Un poblado de la antigüedad, en un pueblo manchego del Campo de Montiel. Un emplazamiento que demostraba conocimientos orográficos, como el saber que estaba asentado sobre una dura placa de rocamadre o que disponía de una cueva en su interior, en las proximidades de un arroyo y de abundantes recursos acuíferos.

Y todo esto sobre el inicio de una ladera, inclinada hacia el sur, que ofrece un excelente ángulo de vigía para distinguir el tránsito de pasos naturales para cruzar el valle del Guadalquivir a la Meseta castellana.

Dos pasos naturales para salir del sur al norte, cruzando las montañas, estamos en uno de ellos. Son el paso de Sierra Morena, por Despeñaperros. Y el paso del posterior camino de la Vía Augusta de los romanos, rebautizada hace unos pocos años como Ruta de Aníbal, por los notables entonces del Gobierno Regional de Castilla La Mancha.

Un camino natural que sortea los barrancos y montañas, desde el fértil valle del Guadalquivir, a las diferentes tierras del Este y del Norte. Y una gran suerte histórica para este paso natural, por convertirlo en un lugar de privilegio para cruzar toda una cadena montañosa, al Este del valle del Guadalquivir, la cordillera sub-bética, que comprende todo un conjunto montañoso, una verdadera e infranqueable muralla natural que divide a Andalucía en dos y que propicia que las salidas hacia Levante y hacia el norte peninsular, se produzcan por un pequeño o reducido número de pasos naturales, entre los cuales se encontraba el antiguo camino de la Vía Augusta, así como sus diferentes ramales y alternativas, que cruzaban las sierras de Alcaraz, Segura, Cazorla y Sierra Morena, todo un conglomerado de tierras quebradas que necesitan de un sabio conocimiento del terreno para cruzarlas y continuar un feliz viaje, con carros y caballerías.

Son las mismas rutas de los arrieros, de los comercios que aún no conocían autopistas, carreteras, ferrocarriles, pero que tienen un tráfico intenso desde los tiempos más remotos de la Antigüedad. Un ejemplo, la madera de las sierras de segura y Cazorla, en la actual provincia de Jaén, servía para construir los barcos de la numerosa flota del califa Abderramán III, allí por el siglo diez. Se trasladaba la madera hasta las costas levantinas, para construir los barcos, muchos de ellos piratas, que asolaban el Mediterráneo junto con los berberiscos de Kairawuán.

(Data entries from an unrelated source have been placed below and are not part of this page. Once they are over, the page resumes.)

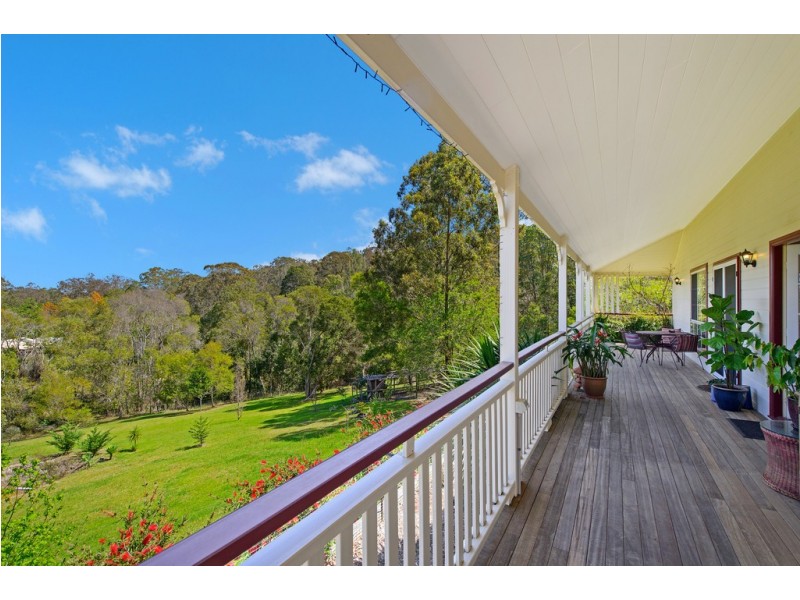 136 Rollands Plains Road, Telegraph Point NSW 2441
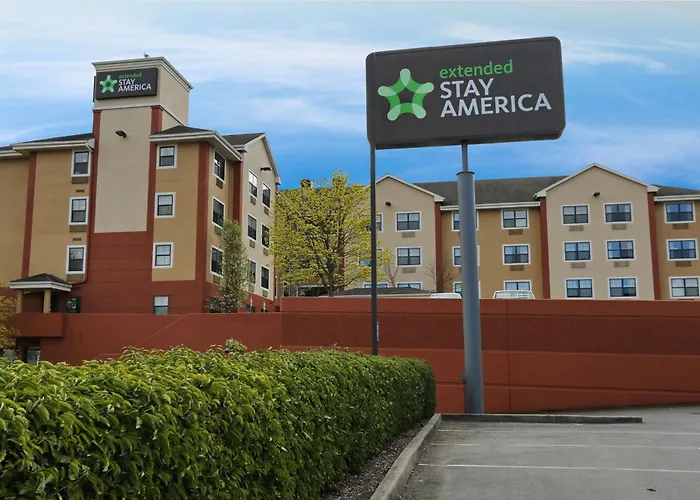 Extended Stay America Suites - Tacoma - South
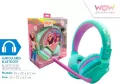 Słuchawki Bluetoth WOW - tantis.pl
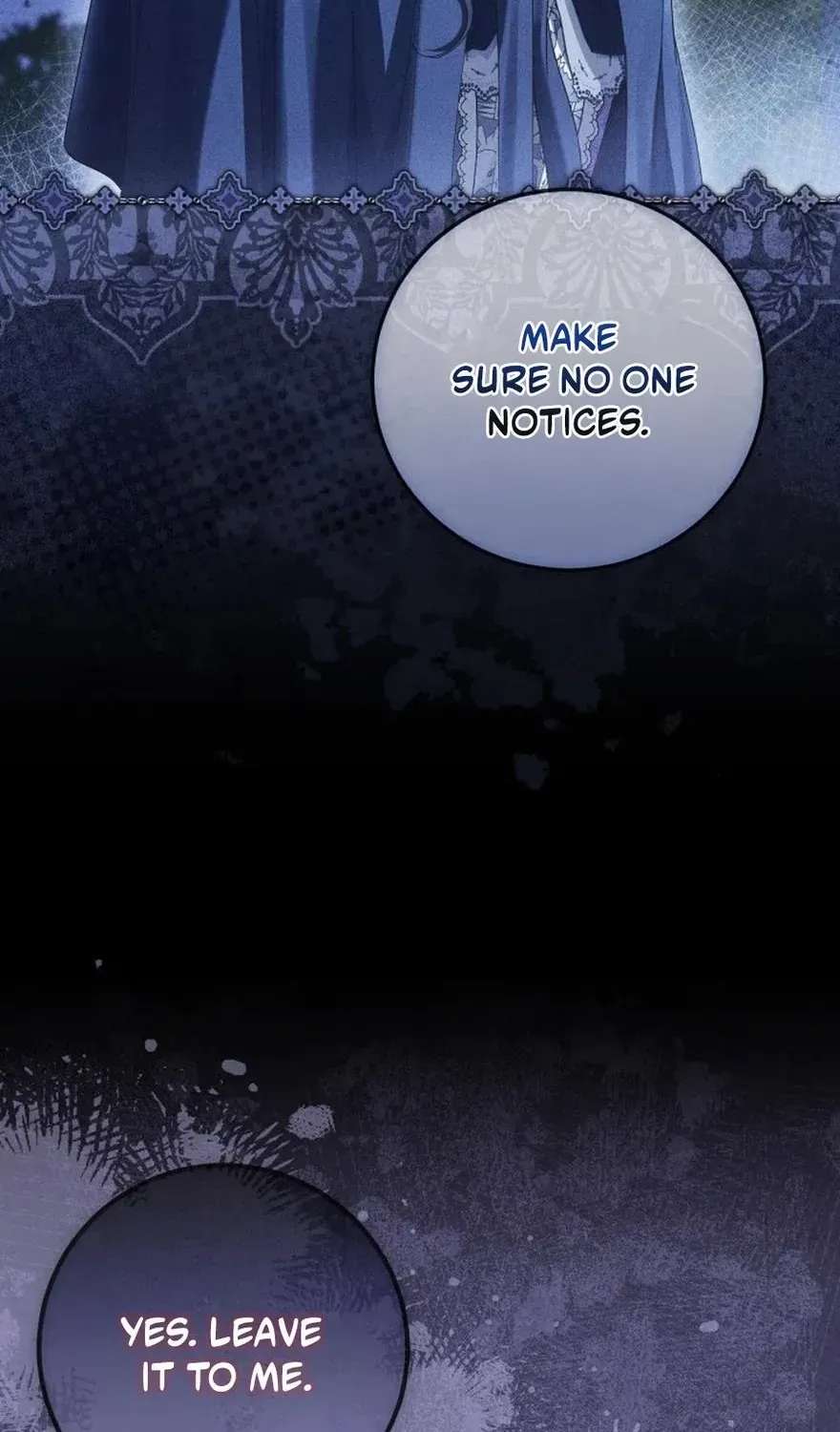 The Princess Stans in Secret Chapter 90 - page 8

Un poblado de la antigüedad. 2000 antes de Cristo. Un poblado de piedra. Un punto de vigía sobre un camino. Una pobreza de ajuar de metales y una riqueza de ajuar lítico y cerámico. Una excavación arqueológica promovida por un Ayuntamiento que está dedicando recursos públicos al re-descubrimiento del pasado del pueblo. Un castillo árabe, una villa romana, unos restos arqueológicos, una riqueza en vías pecuarias, unos parajes desconocidos y poco valorados, una abundancia en recursos de caza y un poblado de la Edad del Bronce, de hace cuatro mil años, con una excavación en curso.

Los caminos, los cursos de agua, la vegetación, los recursos minerales, los puntos de visión, la calidad de la tierra, la protección contra los vientos, todo va formando un nuevo paisaje que iba, no solamente dando información sobre mi pueblo y los pueblos colindantes, sino también sobre el conjunto del planeta que es el sureste peninsular, y cuanto significa el aquí de una meseta, el allí de un valle, el allá de una montaña.

Agradezco esos 180 días que estuve en el campamento de arqueología de Castillejo del Bonete, porque fui conociendo mucho mejor la tierra que los primitivos ibéricos ya conocían en sus tiempos. Fui adaptando mis ojos y mi mirada, a mirar y a pensar como esos antepasados lo hacían en su vida cotidiana.